Similmente a Singularity in Empath di Devin Townsend, Requiem for a Dream è un album nell’album: se vogliamo, è la Supper’s Ready, la Count of Tuscany, dei Karnataka. Venticinque minuti, e ho contato almeno 9 movimenti differenti – una struttura vivaldiana che finisce, però, con la primavera, e una nuova speranza di salvezza. Il brano inizia con calma, uccellini che improvvisamente si zittiscono – come prima di una tempesta. Al loro posto, vocalizzi di Sertari, tastiere e, infine, cornamuse, gli araldi dell’apocalisse. Nonostante la narrazione di eventi ineluttabili presupponga un sound altrettanto oscuro, Requiem for a Dream si muove su accordi maggiori e ritmiche ampie e ariose, con interludi di synth e assoli di chitarra che accompagnano lievemente la melodia già descritta dal basso. Il terzo movimento è poi introdotto dal battito di un cuore accelerato e, per l’appunto, le cornamuse: un altro chiodo sulla tomba della vita sulla Terra.
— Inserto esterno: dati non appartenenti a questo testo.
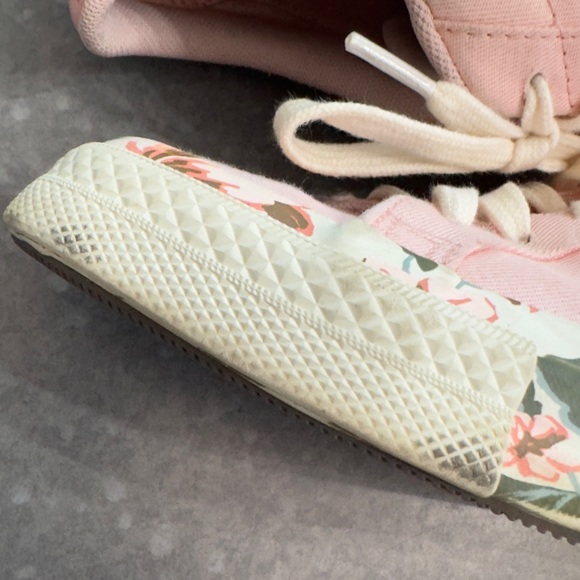 CONVERSE Womens Storm Pink Floral Sneakers - Picture 9 of 14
Che evolve, poi, in un semplice fraseggio pianistico, altri assoli di Machin e, infine, parole di speranza, ma anche un forte invito all’impegno in prima persona:

The price we pay for yesterday
So fragile in our hands
And though the sun is rising
A darkness grows around
The light is fading fast, and we know
We have the gift of living!
We have a second chance
This is a new beginning

Il quarto movimento inizia proprio con We Have a Second Chance, sol maggiore e calore, che lascia però rapidamente spazio al quinto – ancora la cornamusa di morte di Donockley e lied gaelici funebri. Il mondo ha raggiunto il punto di non ritorno: ciò che resta, ormai, è pregare. Corvi sulla terra spaccata dalla siccità, con evidenti rimandi sonori a The Poet and the Pendulum dei Nightwish. Di nuovo, si cambia movimento, il sesto – la speranza pare risorgere dalle ceneri, o forse è solo un delirio pre-morte (Are We Dreaming?):

And we will see rivers flowing  
‘cause I can’t breathe
‘Cause I can’t see
But I can lie to myself
That’s not for real, just a dream

La chiusura di Requiem for a Dream vale l’intero viaggio di 79 minuti: cornamusa e voce di Sertari che ripetono “We keep dancing in the rain” – un delirio febbrile prima della distruzione. Il calore prima di morire, la luce arancione in fondo al tunnel: la mera allucinazione di bere pioggia nel deserto mentre si muore di sete. L’orologio continua a ticchettare, e, infine, si ferma. La mezzanotte è arrivata. Possiamo solo aspettare la fine: non resta che pregare, ballare, e visitare le tombe di chi già se n’è andato.

Tic, toc, tic, toc…

Requiem for a Dream è un album meraviglioso, che meriterebbe molta più copertura mediatica di quella che ha ricevuto: la scelta di Jones di pubblicizzare pochissimo il ritorno del suo progetto è incomprensibile, in quanto sono certa che tale eccezionale materiale avrebbe valso almeno un tour europeo, e non solo UK, Paesi Bassi e Germania – isole felici di un genere poco ascoltato. Un ritorno attesissimo e felicissimo, e l’altrettanto felice scoperta del talento di Sertari, cantante cipriota ma inglese d’adozione. Non posso far altro che augurare tutto il meglio a questo progetto, e continuare a danzare nella pioggia.